**Brief:**
The line with "كيه سبورتج موديل" and each line following it, up to the final line of the data, should be set down exactly; pictures stay out.

**Dataset extract:**
══════
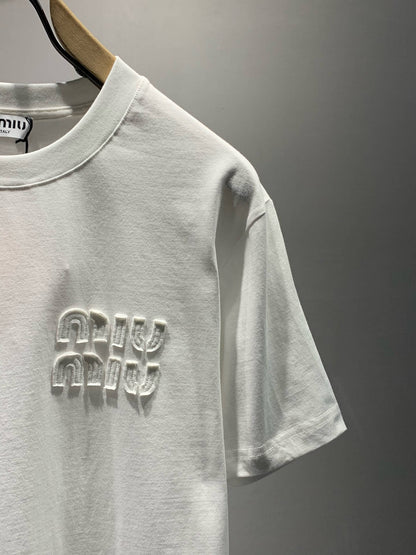 Camiseta con bordado de apliques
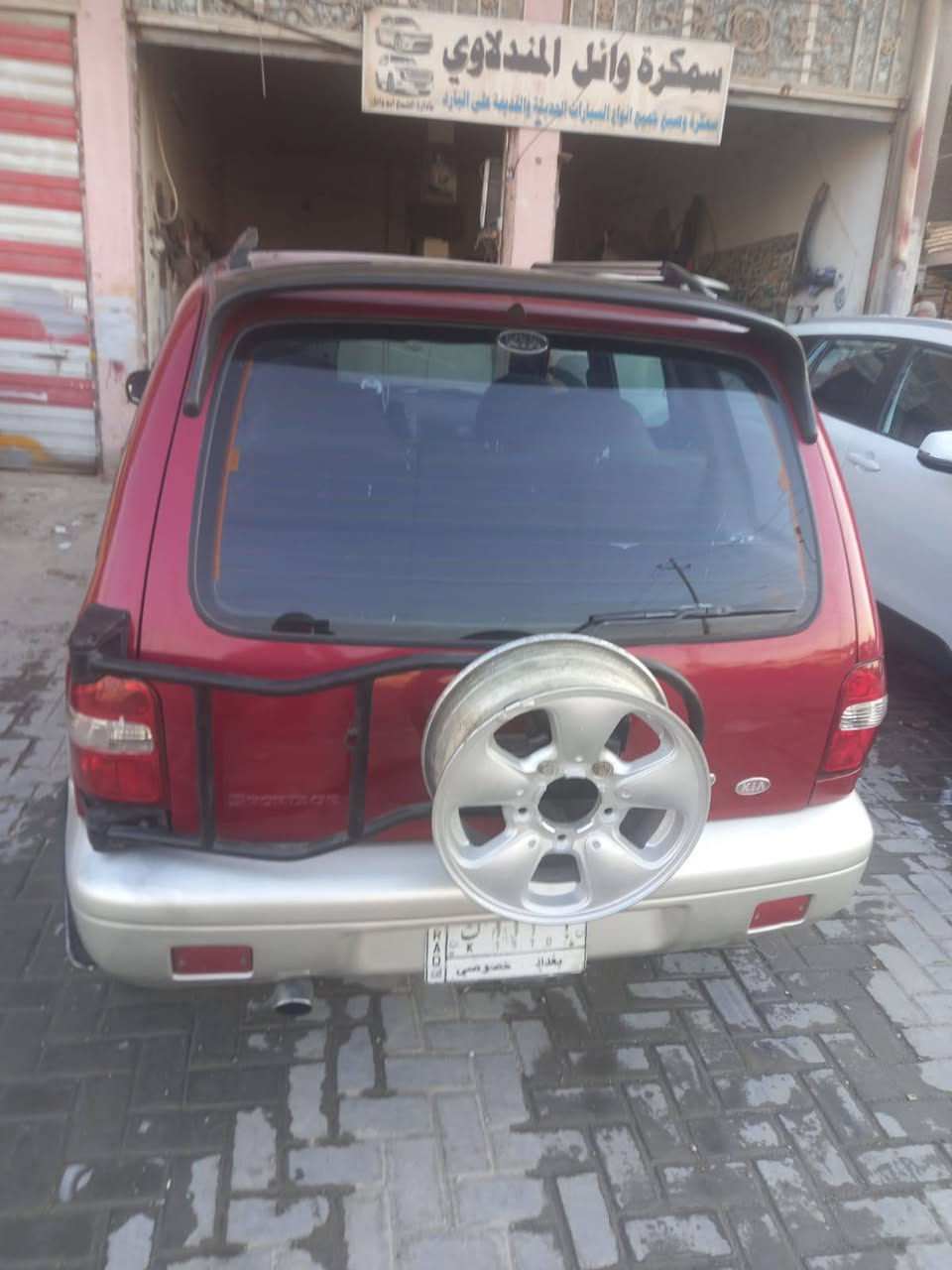 كيه سبورتج موديل 2000  مكينه كير ياباني مصبوغه عام للجماليه سياره جاهزه نقصه تبريد بس سياره ممخلي شي بيه ممبدله جديد سنويه لل 28 مكان حي اور ***********
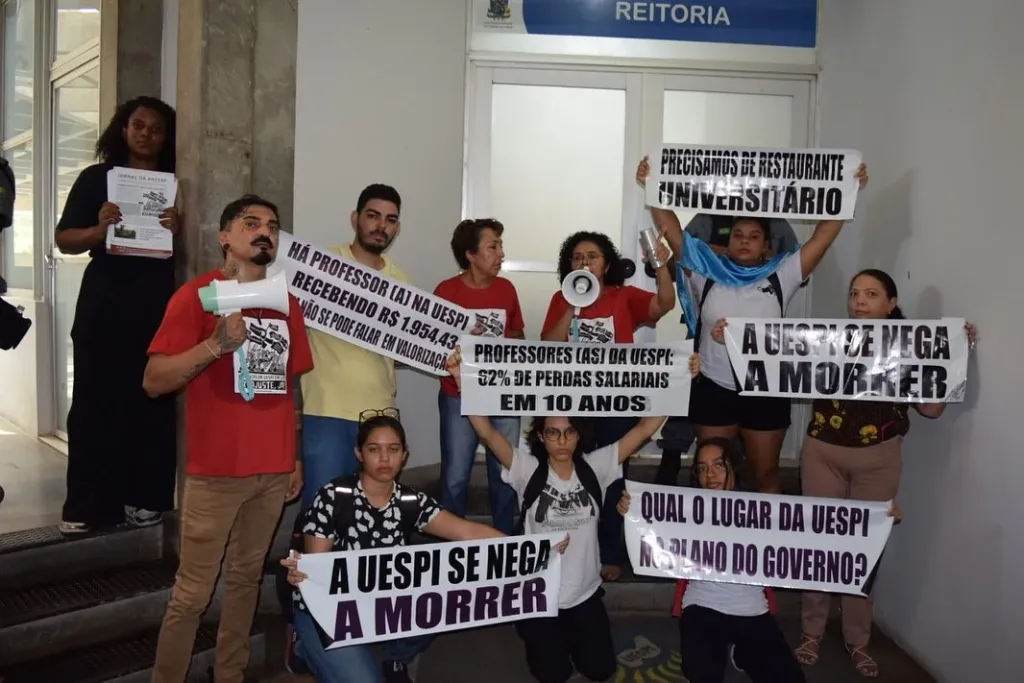 NOTA DA DIRETORIA DO SINDUEMA EM APOIO À GREVE DOS PROFESSORES DA UESPI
══════
**Response area:**
 كيه سبورتج موديل 2000  مكينه كير ياباني مصبوغه عام للجماليه سياره جاهزه نقصه تبريد بس سياره ممخلي شي بيه ممبدله جديد سنويه لل 28 مكان حي اور ***********
 NOTA DA DIRETORIA DO SINDUEMA EM APOIO À GREVE DOS PROFESSORES DA UESPI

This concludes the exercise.